(Source material begins)

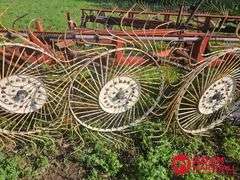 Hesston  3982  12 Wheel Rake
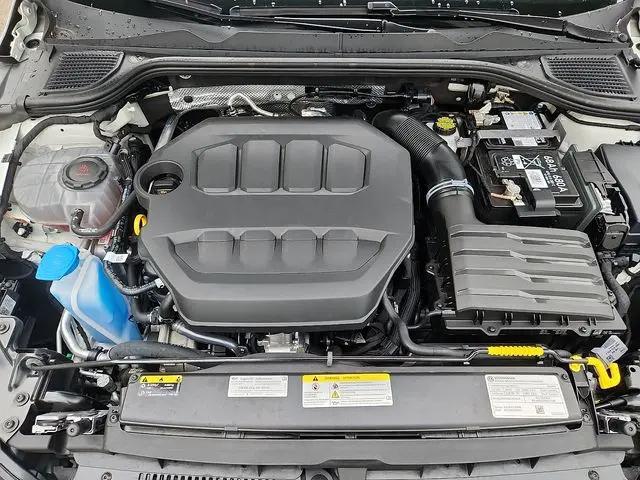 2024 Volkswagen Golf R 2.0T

(Source material ends)
(Source material begins)

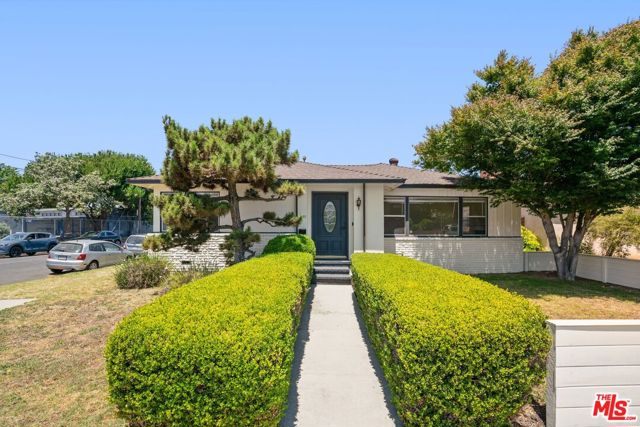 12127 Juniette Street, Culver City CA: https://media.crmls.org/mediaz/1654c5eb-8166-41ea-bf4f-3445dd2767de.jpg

(Source material ends)

* [Work instructions]:
Taking the material above, give again exactly the lines from the one holding "12 Wheel Rake" through the one holding "2024 Volkswagen Golf R 2.0T", with both ends and without pictures.

* [Output of the task]:
 Hesston  3982  12 Wheel Rake
 2024 Volkswagen Golf R 2.0T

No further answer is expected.